I have written in the past that S-Corps are the most popular corporate entity. Now thanks to the U of I Tax School pulling the numbers together to back it up, they account for over two-thirds of all corporations filing federal tax returns. Moreover, the number of S corporation returns exceeds the number of partnership returns.

The 2023 IRS Data Book yields the following information about the business tax returns filed in the federal government’s fiscal year 2023.

GENERAL EXEMPTION FROM INCOME TAX

S corporations are generally not subject to corporate federal income tax.

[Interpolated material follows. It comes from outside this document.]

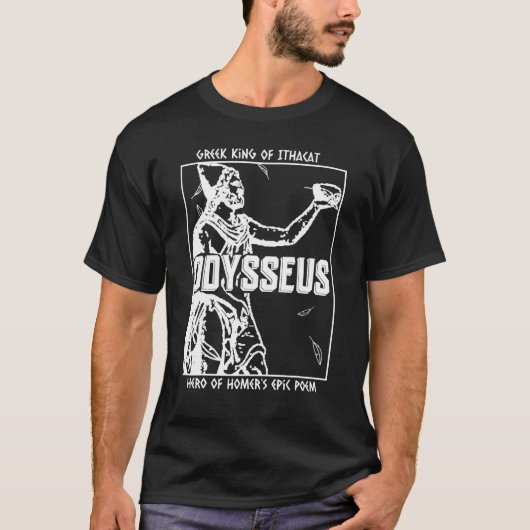 Odysseuss Odysseus, Grieks koning van Ithaca T-shirt (Voorkant)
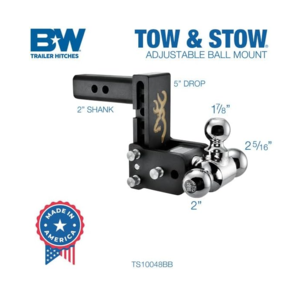 B&W  Tow & Stow Adjustable Tri-Ball Mount - Browning - 2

The income, deductions, gains, losses, and credits of the S corporation flow through to its shareholders, via their K-1. An S corporation, however, may be subject to some entity level taxes, such as the tax on excessive passive income or on built-in gains. However, these taxes are limited to corporations that were formerly C corporations.

NONTAX CONSIDERATIONS

In addition to the previously mentioned tax considerations, there are some nontax considerations that may impact the decision on whether to elect S corporation status.

  • Limited liability protection. S corporations generally provide limited liability protection to their shareholders. This means that shareholders are generally not personally responsible for the debts and liabilities of the business.
  • Continuity of ownership. S corporations have perpetual existence in many states, meaning the business can continue even if ownership changes. Transfers of ownership must comply with S corporation eligibility rules to avoid terminating the S election.
  • Compliance and administrative requirements. Shareholders must adhere to specific compliance and administrative requirements to maintain their S corporation status. This includes holding regular shareholder meetings and maintaining detailed records.